## SUPPLIED INFORMATION
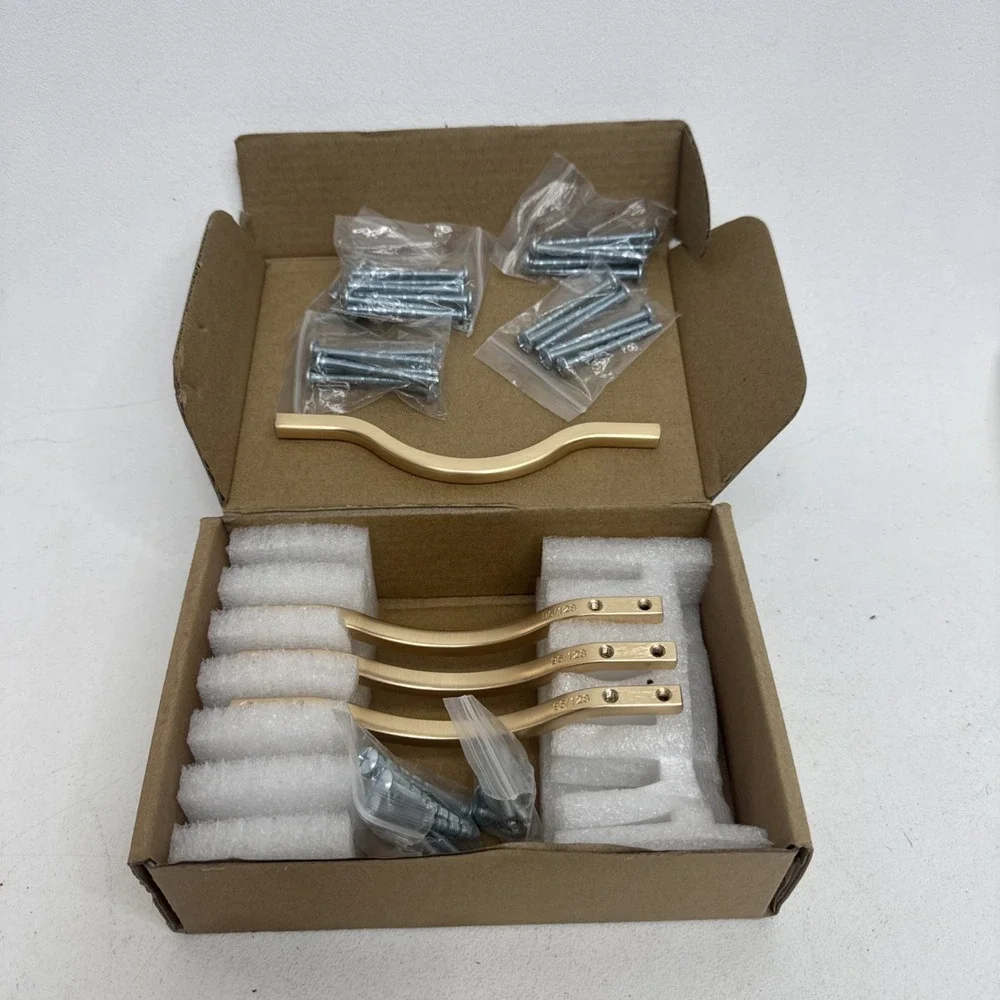 Goo-Ki  4 Pack 5 1/2'' Center to Center Antique Brass Cabinet Drawer Handles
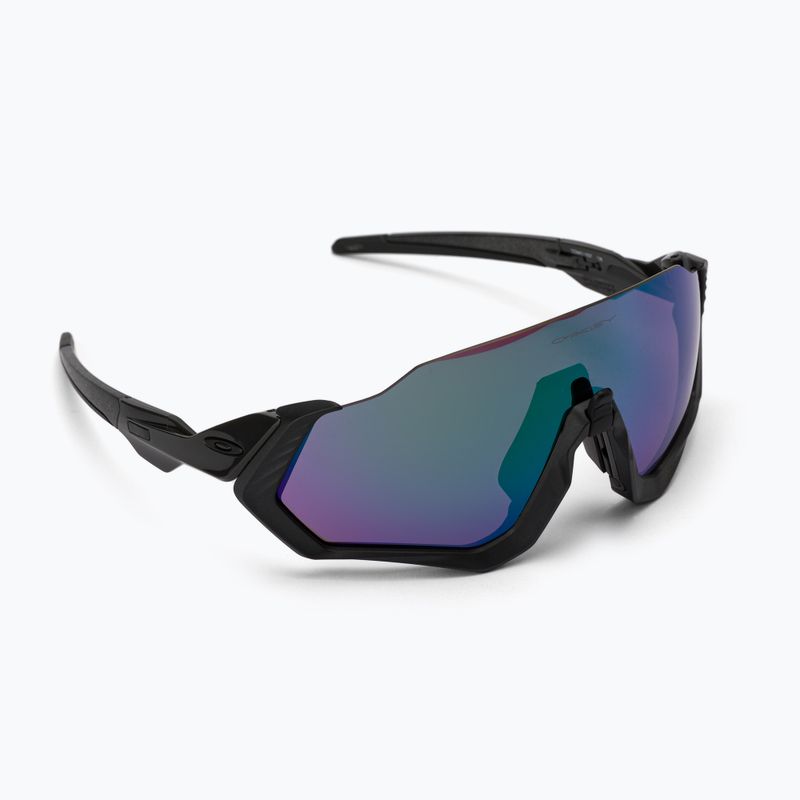 Oakley Flight Jacket kerékpáros szemüveg fekete-ibolya 0OO9401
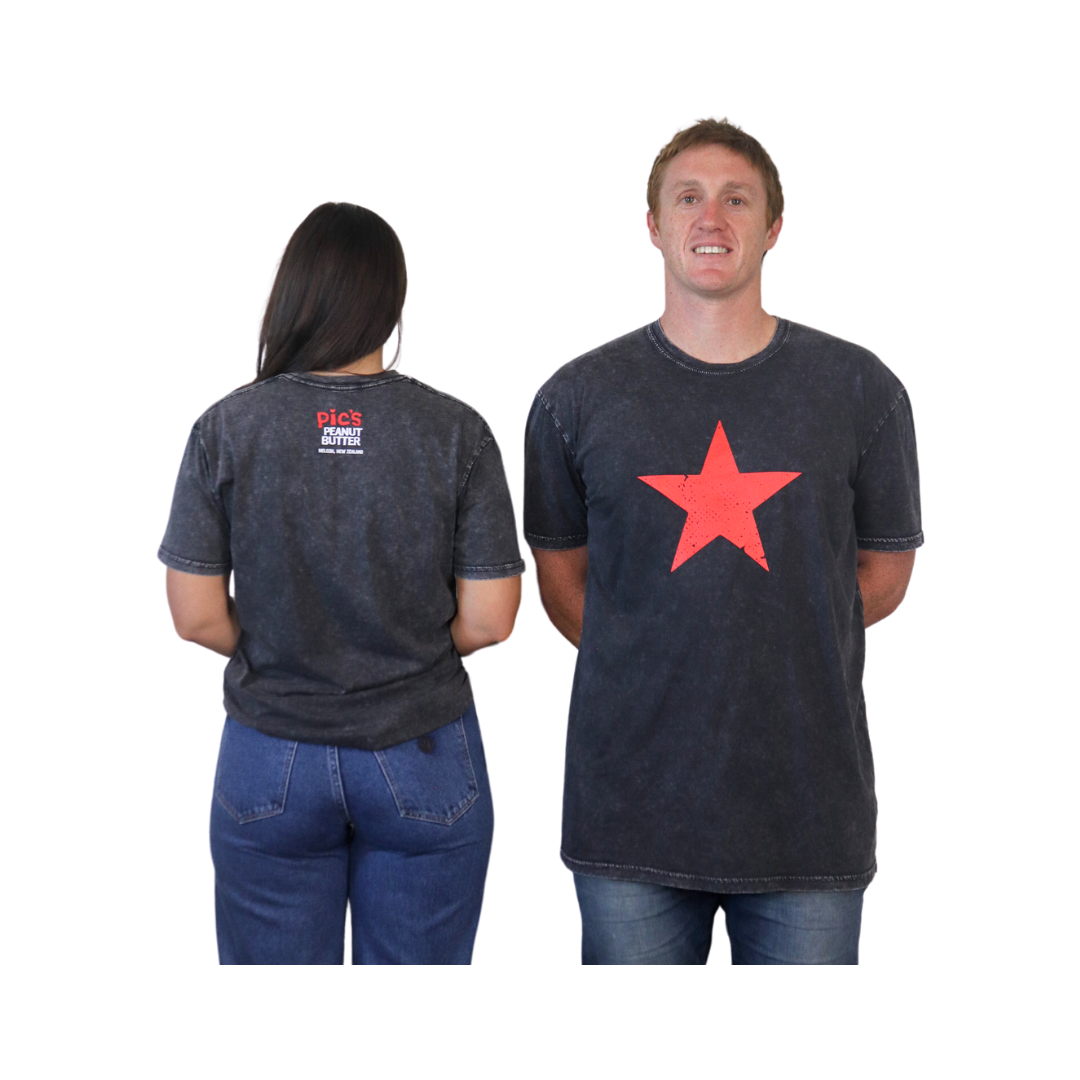 Red Star T-shirt - Stonewash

## EXERCISE OBJECTIVE
Copy nothing but the lines above from the one with "Oakley Flight Jacket" through the end of the material, word for word, and drop the pictures.

## EXERCISE RESULT
 Oakley Flight Jacket kerékpáros szemüveg fekete-ibolya 0OO9401
 Red Star T-shirt - Stonewash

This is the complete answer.